CNNについて　⑤　CNNの構造全体についてのまとめ　ConvNet Architectures

今までの総括としてCNNの全体としての構成を見ていきたいと思う。

Layer Patterns

The most common form of a ConvNet architecture stacks a few CONV-RELU layers, follows them with POOL layers, and repeats this pattern until the image has been merged spatially to a small size. At some point, it is common to transition to fully-connected layers. The last fully-connected layer holds the output, such as the class scores. In other words, the most common ConvNet architecture follows the pattern:

Inputの画像に対して、

{(畳み込み層での処理→Reluなどの活性化関数の処理)×N(N<=3が普通)

→プーリング層（任意)}×M

→(全結合層(Fully Connectedlayer)→Reluなどの活性化関数の処理)×K

→全結合層(Fully Connectedlayer)＝クラス分類のスコア

という構造になるらしい

Prefer a stack of small filter CONV to one large receptive field CONV layer.

小さいフィルター数のConvolution Layerを重ねることで複雑な特徴を取り出せるとともに計算するパラメーターも少なく済むようだ

Recent departures. It should be noted that the conventional paradigm of a linear list of layers has recently been challenged, in Google’s Inception architectures and also in current (state of the art) Residual Networks from Microsoft Research Asia. Both of these (see details below in case studies section) feature more intricate and different connectivity structures.

In practice: use whatever works best on ImageNet. If you’re feeling a bit of a fatigue in thinking about the architectural decisions, you’ll be pleased to know that in 90% or more of applications you should not have to worry about these. I like to summarize this point as “don’t be a hero”: Instead of rolling your own architecture for a problem, you should look at whatever architecture currently works best on ImageNet, download a pretrained model and finetune it on your data.
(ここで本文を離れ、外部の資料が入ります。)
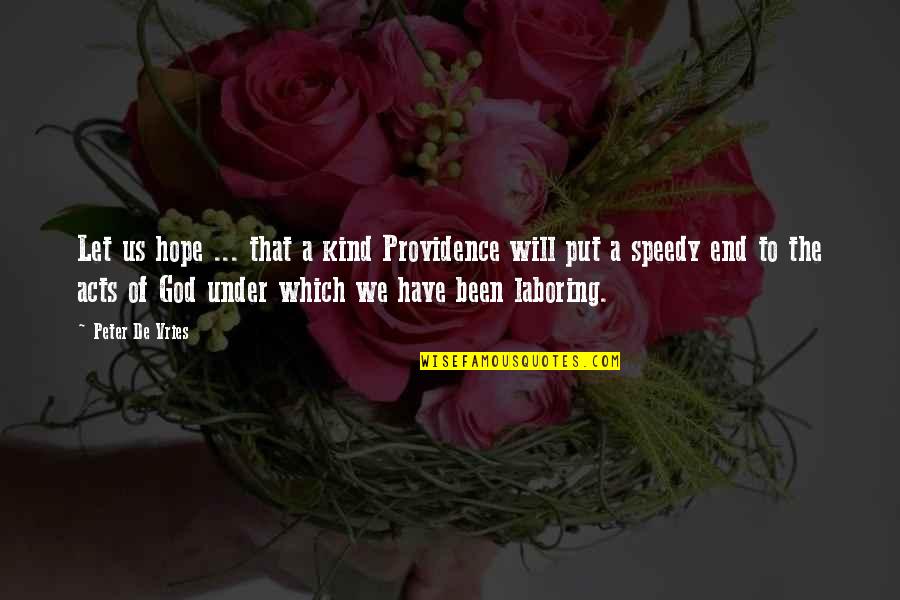 Love Yourself After Toxic Relationship Quotes By Peter De Vries: Let us hope ... that a kind Providence Love Yourself After Toxic Relationship Quotes By Peter De Vries: Let us hope ... that a kind Providence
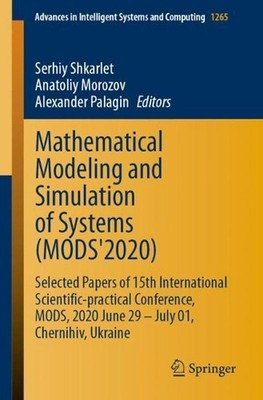 Mathematical Modeling and Simulation of Systems (MODS'2020): Selected ...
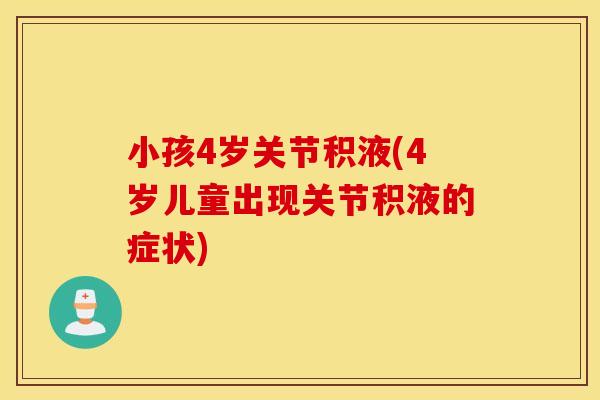 小孩4岁关节积液(4岁儿童出现关节积液的症状)
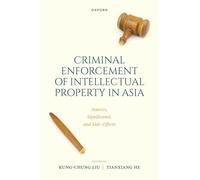 Criminal Intellectual Property Enforcement in Asia: Sources, Significance, and Side-Effects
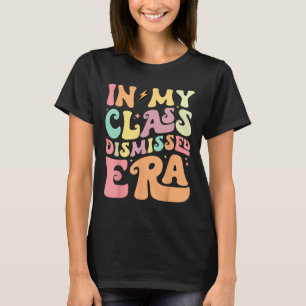 My Cl Dismissed Era Happy Last Day Of School Teach T-Shirt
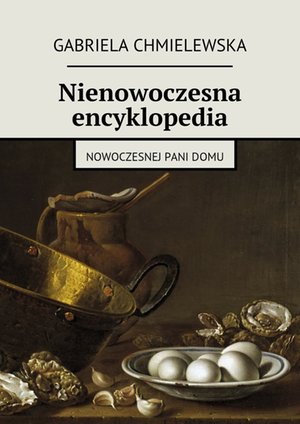 Nienowoczesna encyklopedia nowoczesnej Pani Domu – ebook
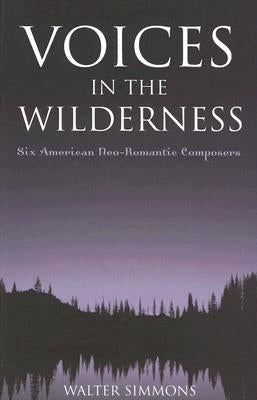 Voices in the Wilderness: Six American Neo-Romantic Composers by Simmons, Walter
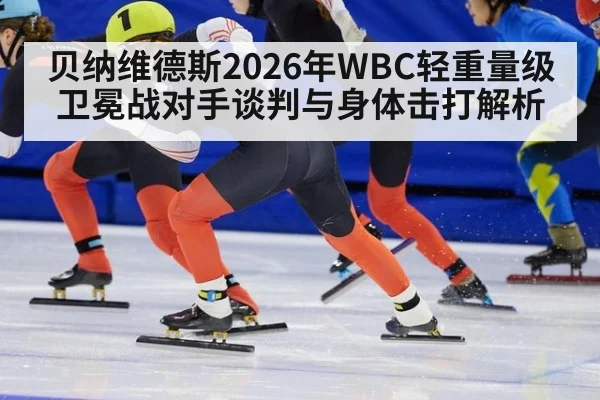 贝纳维德斯2026年WBC轻重量级卫冕战对手谈判与身体击打解析 - jiuyou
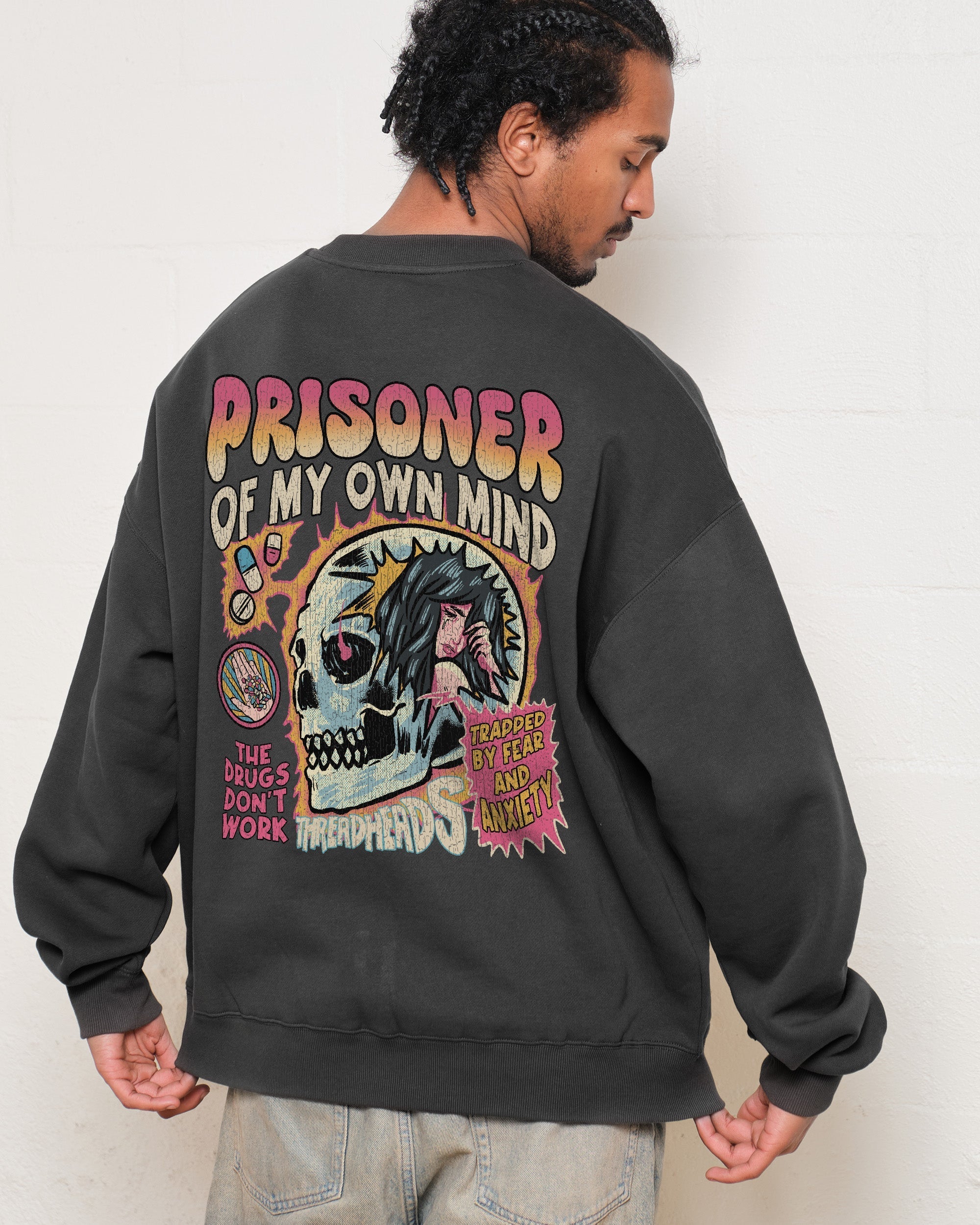 Prisoner Of My Own Mind Sweatshirt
You should rarely ever have to train a ConvNet from scratch or design one from scratch. I also made this point at the Deep Learning school.

どのように層を重ねるかはImageNetでいいスコアが出ているモデルの構造をダウンロードしてちょっといじって見るというぐらいでいいらしい。

どんな構造が良いのかという考察はGoogleなどの大企業が研究している。

次にそれぞれで設定するハイパーパラメーターについて書きまとめようと思う。

Input層について

The input layer (that contains the image) should be divisible by 2 many times. Common numbers include 32 (e.g. CIFAR-10), 64, 96 (e.g. STL-10), or 224 (e.g. common ImageNet ConvNets), 384, and 512.

入力画像のピクセル数は２の倍数の値にすべきらしい

Conv層について

The conv layers should be using small filters (e.g. 3x3 or at most 5x5), using a stride of $S = 1$ , and crucially, padding the input volume with zeros in such way that the conv layer does not alter the spatial dimensions of the input. That is, when $F = 3$ , then using $P = 1$ will retain the original size of the input. When $F = 5$ , $P = 2$ . For a general $F$ , it can be seen that $P = (F - 1) / 2$ preserves the input size. If you must use bigger filter sizes (such as 7x7 or so), it is only common to see this on the very first conv layer that is looking at the input image.

フィルターサイズは3×3,5×5のような小さい値にすること

Input画像の空間サイズと同じになるようにStride(フィルターをどれくらいずらすか)を1に設定し、zeropadの大きさも調整すること。

F=3×3ならzeropaddingは1

F=5×5ならzeropaddingは2

F=7×7のような大きいサイズのフィルターを適用するのは（あまり適用されないが)、最初のInput画像のみに対して行われるようだ

Pooling Layer

The pool layers are in charge of downsampling the spatial dimensions of the input. The most common setting is to use max-pooling with 2x2 receptive fields (i.e. $F = 2$ ), and with a stride of 2 (i.e. $S = 2$ ). Note that this discards exactly 75% of the activations in an input volume (due to downsampling by 2 in both width and height). Another slightly less common setting is to use 3x3 receptive fields with a stride of 2, but this makes. It is very uncommon to see receptive field sizes for max pooling that are larger than 3 because the pooling is then too lossy and aggressive. This usually leads to worse performance.